(Beginning of DATA BELOW)
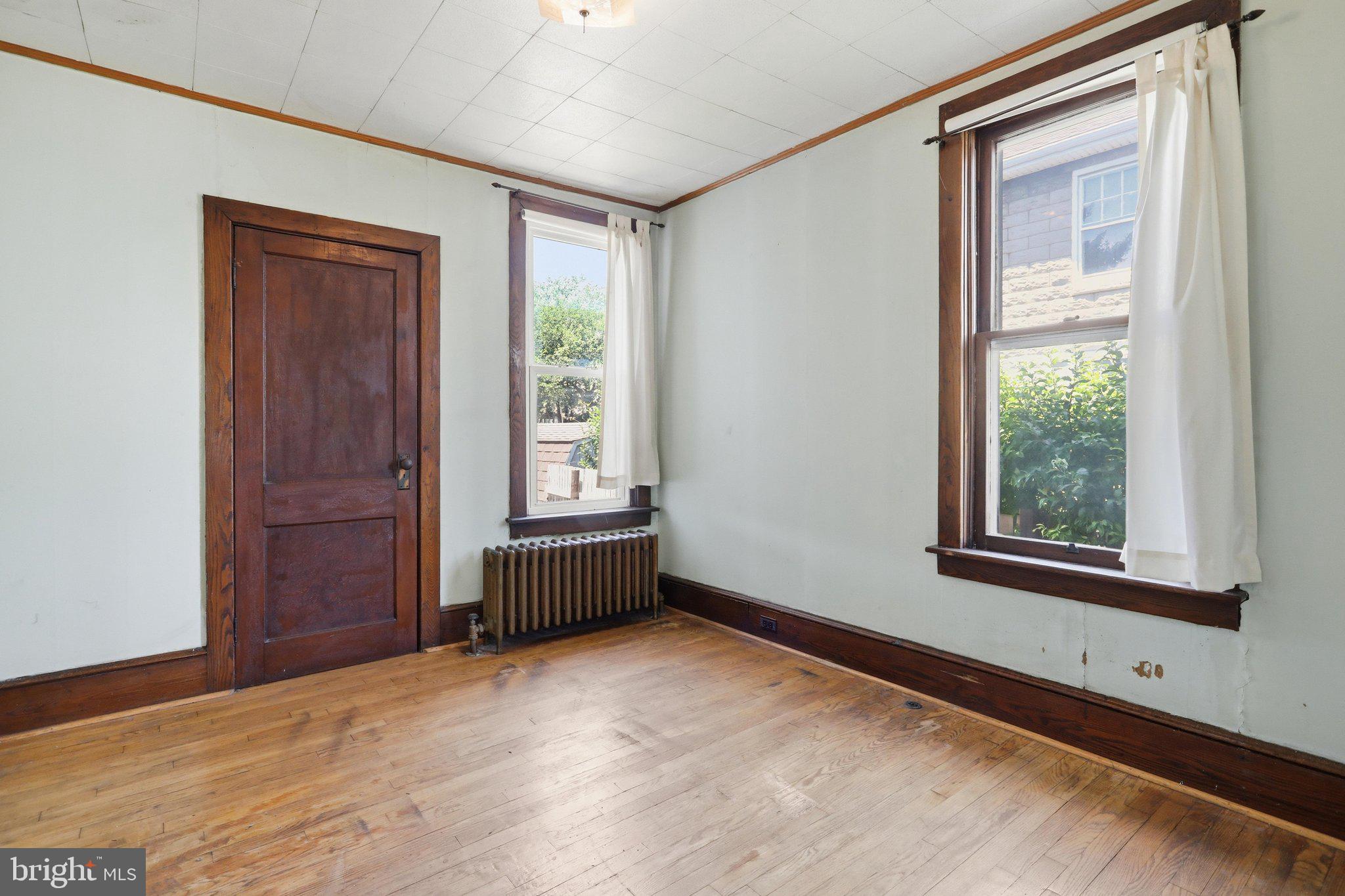 CHAMBERSBURG BOROUGH - Residential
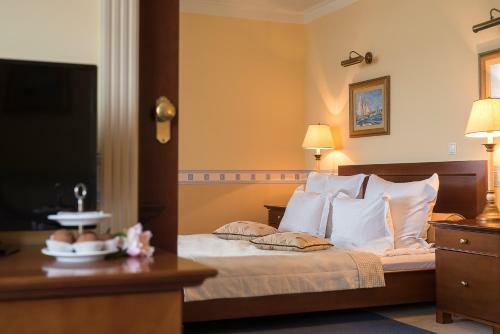 Hotel Zamek Neptun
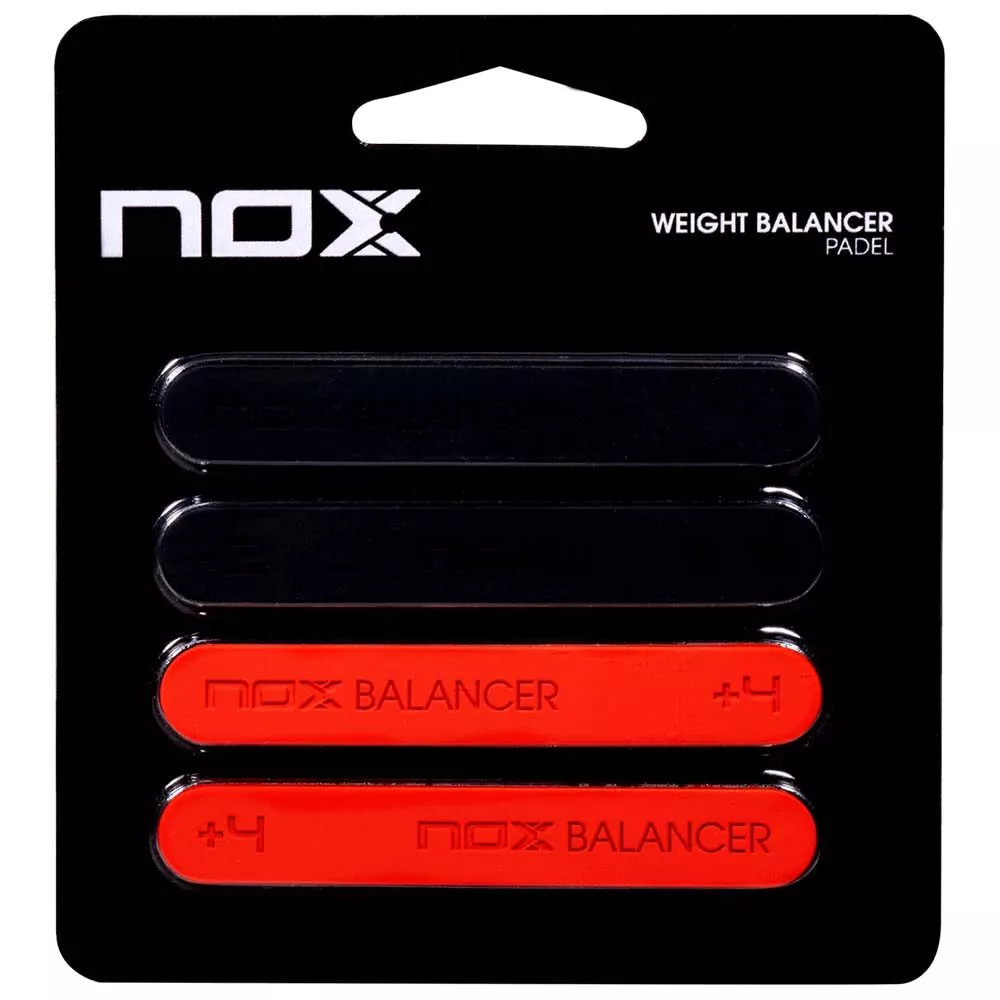Kit Pesi Nox Weight Balancer Padel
(End of DATA BELOW)
> [YOUR TASK]
An exact printout of the listing is needed, minus any pictures it contains.

> [FINAL ANSWER]
 CHAMBERSBURG BOROUGH - Residential
 Hotel Zamek Neptun
Kit Pesi Nox Weight Balancer Padel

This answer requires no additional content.